The city of Dardanelle, Arkansas, has everything to be conservative. Alcohol is not available over-the-counter. In addition, it is the hometown of one of the senators with the most severe immigration ideas. And yet, in this dark red republican state, we are more open to immigrants than politicians suggest.
They are about 5000 residents in this small town. Just over one-third are Spanish speakers, maybe half, and their numbers seem to be growing.
Take a stroll through the city and you’ll quickly find traces of their presence, as is the case everywhere in the United States.
There is the old grocery store converted into a tacos factory, the Mexican restaurant and this chicken processing plant. The work is very difficult; the employees are mostly Spanish-speaking.
How many Spanish speakers are here illegally, how many live “in the shadows?” Officially we do not know.
And Dardanelle does not really seem to want to know it.

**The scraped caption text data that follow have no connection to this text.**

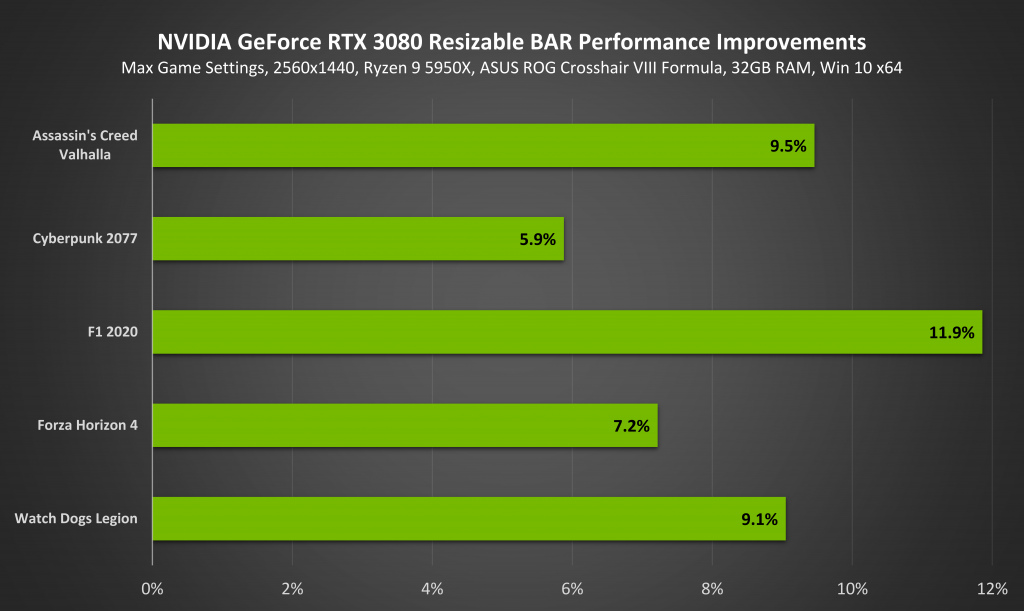 geforce nvidia bar kitchen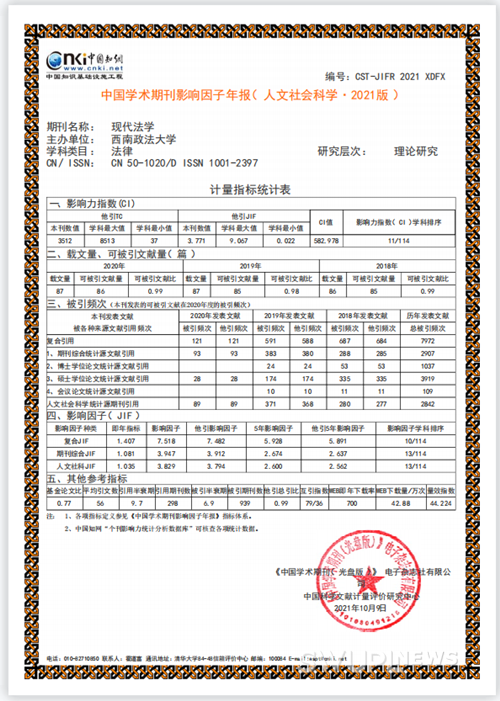 我校主办的《现代法学》3年办刊量效指数（JMI）大幅增长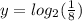 y = log_{2} (\frac{1}{8} )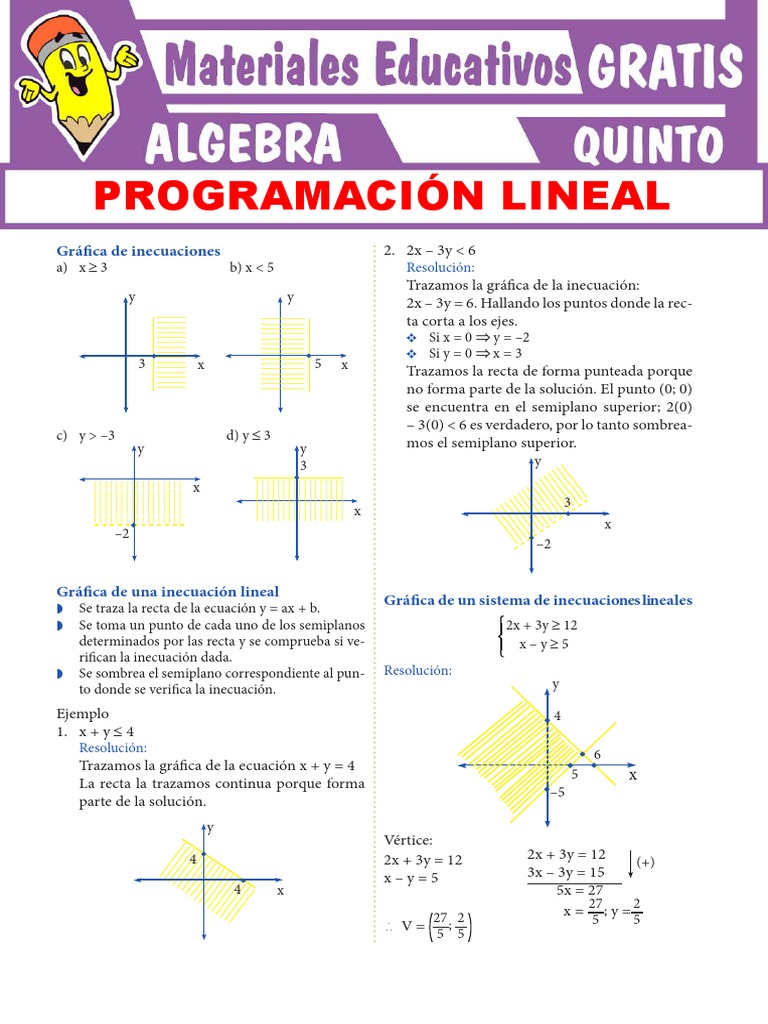 Gráficas de Inecuaciones Lineales | PDF | Matemáticas | Matemática ...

“I do not know how many of our small businesses we would lose,” says Stacey Daughtrey, the head of the local Chamber of Commerce. “If the Latinos went away, we’d be screwed.”
This energetic little woman voted for Donald Trump, but does not want to see the Latin Americans expelled from his city, not even the illegal ones. A surprising point of view in one of the most conservative areas of the country.
Yet she is not the only one to adopt more moderate positions than those who claim to represent her.
“Politicians who do not understand this, they have never been to a small city that depends on immigration,” concludes Stacey Daughtrey.
Seated in a restaurant, three white conservatives who supported Donald Trump do not hesitate to express their opinions.
Immigration? “If they’re here legally, it’s a good deal,” says Jeff Holt, the group’s most conservative. He especially wants to “prevent criminals and thugs from entering”.
And the stowaways who are already here? The Dreamers , young people illegally taken to the United States by their parents when they were minors, can stay, say the three Republicans.
According to a recent poll, it seems that Glenn Bright, Bill Sparks and Jeff Holt are not the only Americans who believe Dreamers should be allowed to stay in the United States.
Dreamers, there are several in Dardanelle.
One of them works for a republican, a man who does not want to testify. He promised to help his employee if he was expelled from the country. Other stowaways may also stay. As long as they do not have a criminal record.
“It seems pretty difficult to expel 10 or 12 million people,” says Bill Sparks, head of the local republican association.
Opinions that do not match the signals sent by Donald Trump, who speaks very harshly of illegals and supports a bill that would reduce legal immigration by half.
Besides, do not forget that a majority of Americans do not want this famous wall on the Mexican border which he speaks so often.
“No, I do not see a kind of Great Wall of China,” says Glenn Bright at the restaurant. But we need a better system [to better filter those who want to enter]. ”
This is where the ideas of the Republicans of Dardanelle and the President meet; their desire to prevent an immigrant from sponsoring members of the extended family.
What explains this gap between the will of the electorate and the measures supported by the elected Republicans? “Too often, it’s all or nothing. There is no compromise, “says Bill Sparks speaking of the positions of elected officials.
Justice of the peace, he denounces the inflexible positions on both sides and hopes for a compromise on the thorny issue of immigration.
Helen Lewis is a seasoned journalist with nearly 15 years experience. While studying journalism at the University of Alabama, Helen found a passion for finding engaging stories. As a contributor to Alabama Post Gazette, Helen mostly covers human interest pieces.